Until now, showing off was more of a male thing: for many representatives of the so-called stronger sex, flashing status symbols like fast cars and conspicuously expensive watches is, it seems, important. But women are catching up.

“As a result of their increasing economic independence, more and more women are encroaching on what has traditionally been male territory,” says Josef Ming, a consumer goods expert and partner in Bain & Company, an international management consultancy firm.

Jointly with the Fondazione Altagamma, an Italian association of luxury goods producers, Ming conducted a study on the market for all things expensive and beautiful. The increase in the number of women buying top-end products is one of the results the research yielded. Women are no longer content with just expensive clothes and accessories: they want the luxury watches and sports cars, too.

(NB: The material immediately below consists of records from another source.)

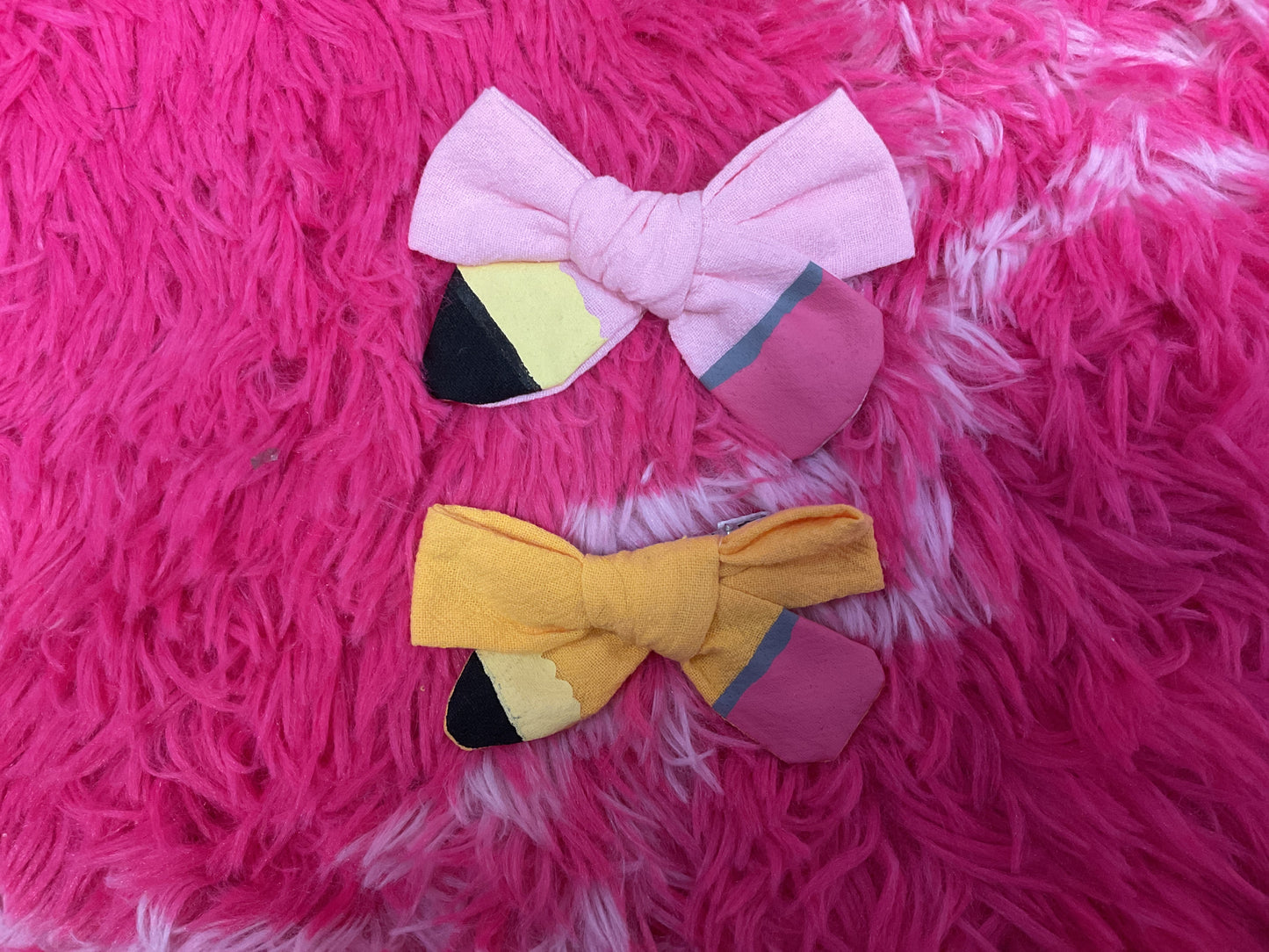 Back to school Hair Bow Clip Cute Pencil Bows Clips for Girl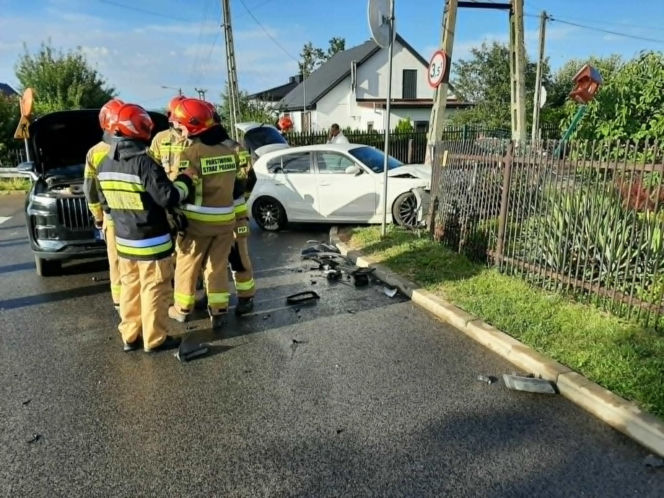 Wypadek na ulicy Żytniej w Starachowicach
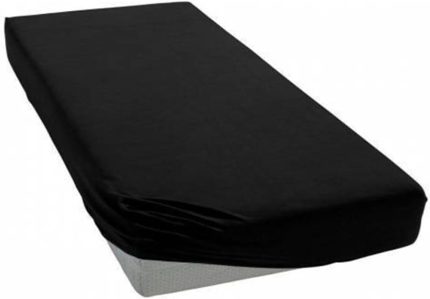 Penye Çift Kişilik 160x200 Lastikli Çarşaf (Siyah / 160 x 200)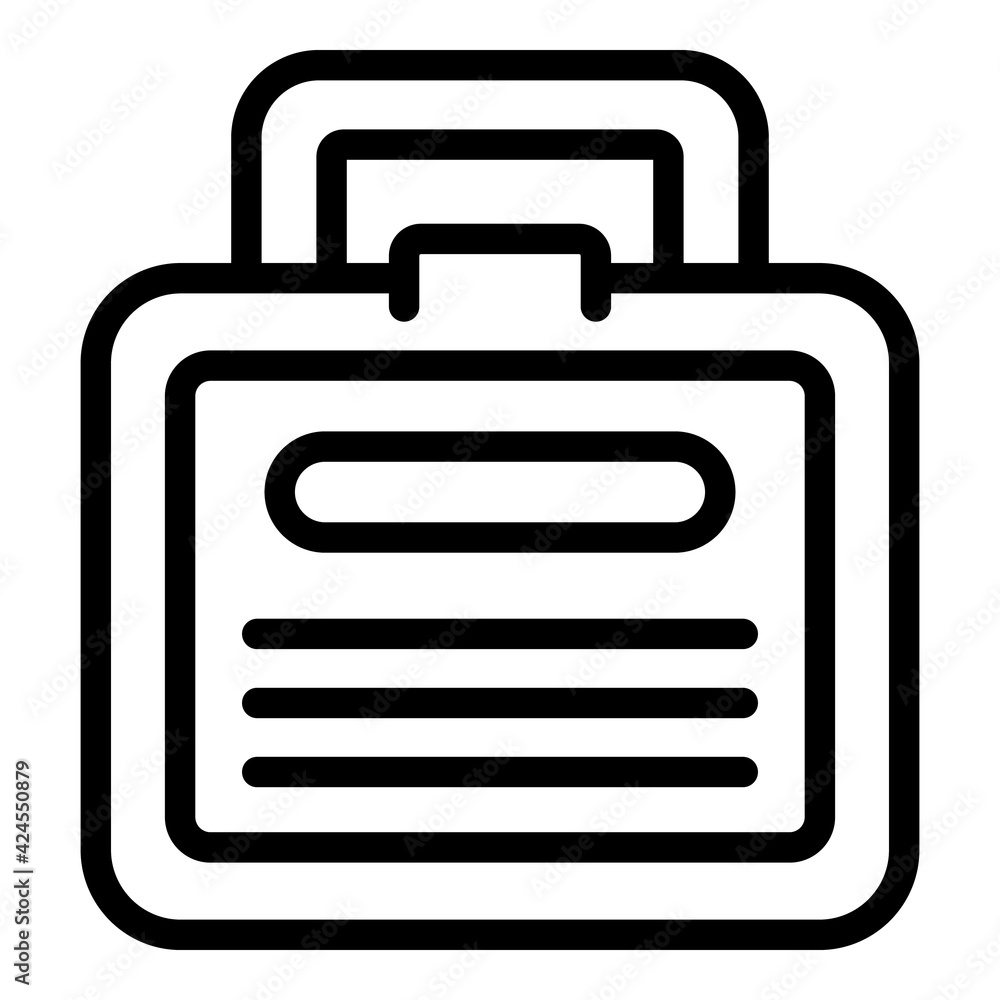 School food box icon. Outline school food box vector icon for web design isolated on white background School food box icon. Outline school food box vector icon for web design isolated on white background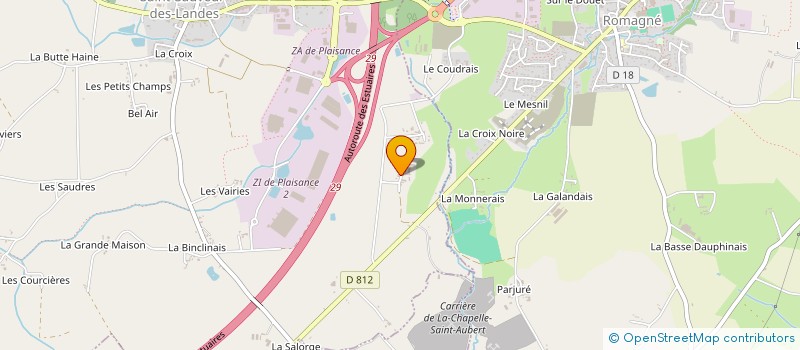 localisation de l'entreprise GROUPEMENT D'EMPLOYEUR DES 3 LANDES  SAINT-SAUVEUR-DES-LANDES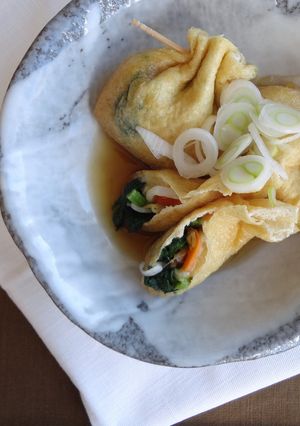 もやしと小松菜のチーズ巾着煮【ほこた】-レシピのメイン写真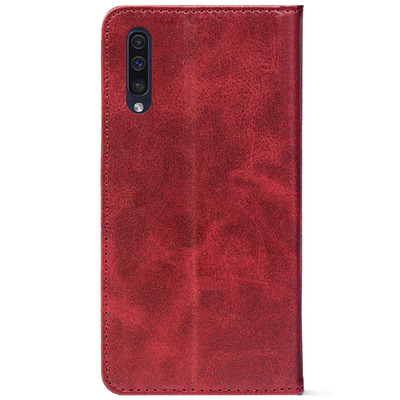 Чохол-книжка Crazy Horse Clasic для Samsung Galaxy A50 (A505) Red Wine (Strong)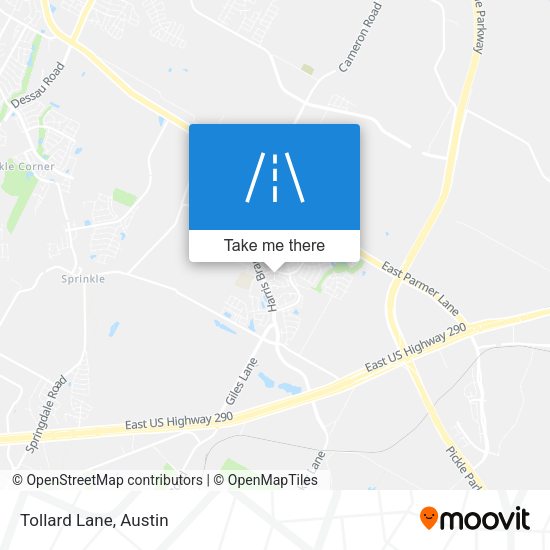 Mapa de Tollard Lane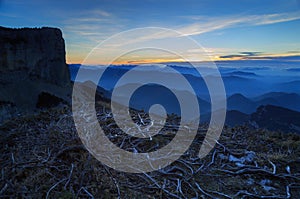 Vercors during sunset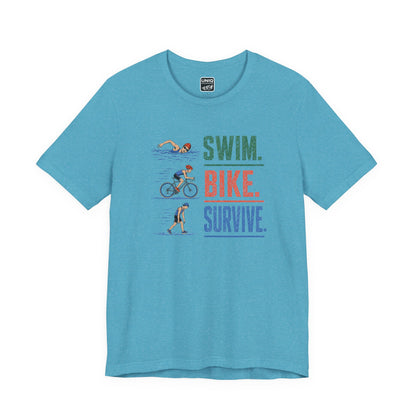 Swim Bike Survive Texture Tee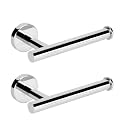 NearMoon Bathroom Toilet Paper Holder, Premium SUS304 Stainless Steel Rustproof Wall Mounted Toilet Roll Holder for Bathroom, Kitchen (2 Pack, Chrome Finish)
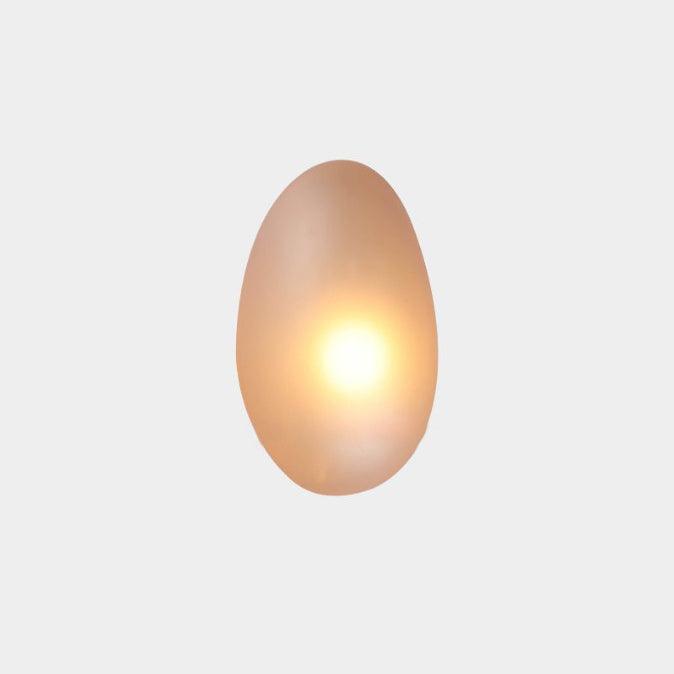 Modern Pebble Shaped Bubble Glass Wall Sconce Organic Stone Inspired LED Lamp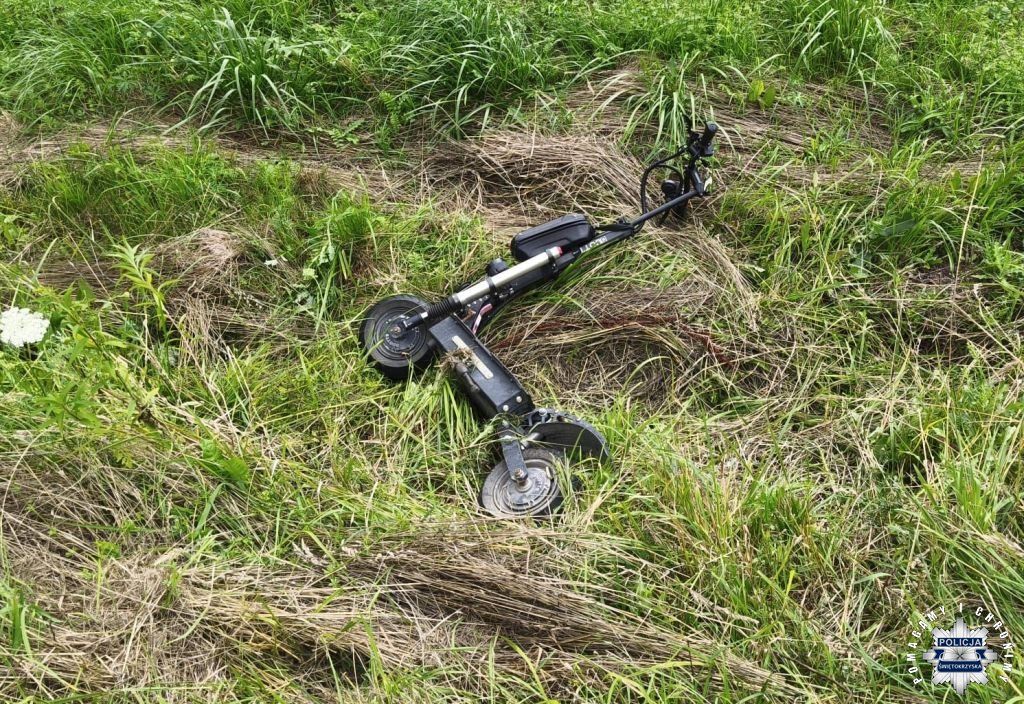 12-latek przewrócił się na hulajnodze elektrycznej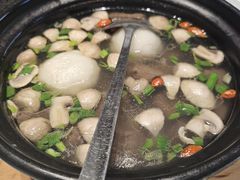 蘑菇肉丝鹅血汤-金典银峰老鹅馆·昆山菜(亭林公园店)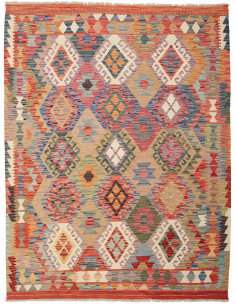 Kilim 153x195 Cm Kilim Afghanistan Hand-carded Wool (warp: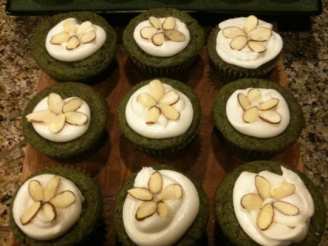 Green Tea Almond Cupcakes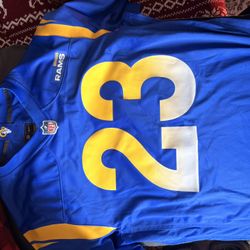 Kyren Williams Autographed Nike Los Angeles Rams Blue Game Jersey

For the luxury goods clientele, the fact that Europe is currently in crisis mode appears not to be a matter of much interest. That too emerges from the “Luxury Goods Worldwide Market Observatory” report based on input from 230 of the world’s leading producers of luxury goods. “The turbulence in the Euro zone and the fears of economic collapse do not impact demand for luxury goods,” says Ming.

According to his prognosis the sector will grow during 2012 by seven percent, turning over more than 200 billion euros – and that doesn’t include limos, furnishings, yachts or real estate.

Driving the growth is mainly demand from Chinese consumers both at home and abroad. What they spend on luxury goods now accounts for over 20 percent of the sector’s global turnover. And it is mainly a younger clientele that is spending a great deal of money on watches, jewelry, fashion and the best wines and spirits.

Marketing to a new generation

While the average age in established markets like Europe and the U.S. – which keep on growing as before — is going up sharply, the opposite is true in Asia, where average age is going down. “A whole new generation of luxury customers is emerging with new preferences and tastes,” says Ming. “And producers have to adjust to that.”

One of the ways adjustment is called for is in distribution. A younger average age impacts the way this rich clientele behaves. So, just as it is increasing in other market sectors, on-line buying of luxury items is on the rise. “The companies have to create the necessary structures for that,” Ming says, adding that those that fail to react quickly and flexibly enough to this dynamic could rapidly lose market shares.

According to the study, the new dynamic can be attributed to the globalization of the luxury sector. “Business is now no longer limited to just a few regions in the world,” says Ming. This is reflected in the expansion plans of many purveyors who are targeting countries like Indonesia and Malaysia, Azerbaijan and Kazakhstan, Mexico and South Africa, Turkey and Vietnam.

Another factor is that markets that had already been penetrated like Russia and India are showing signs of new life. Based on all of this, the Bain study predicts average annual growth rates of about seven percent for the years to come.

The main winners in the current boom are European firms. European products account for over 70 percent of the world luxury market, according to figures provided by the European Cultural and Creative Industries Alliance (ECCIA). And the luxury sector’s relative importance to economies is on the rise as well: in the last few years, the luxury industry grew faster than the general European economy. So the sector sees itself as one of the motors of economic growth.

ECCIA estimates that the sector accounts for a good three percent of European GDP, and some 1.5 million jobs (including suppliers and trade).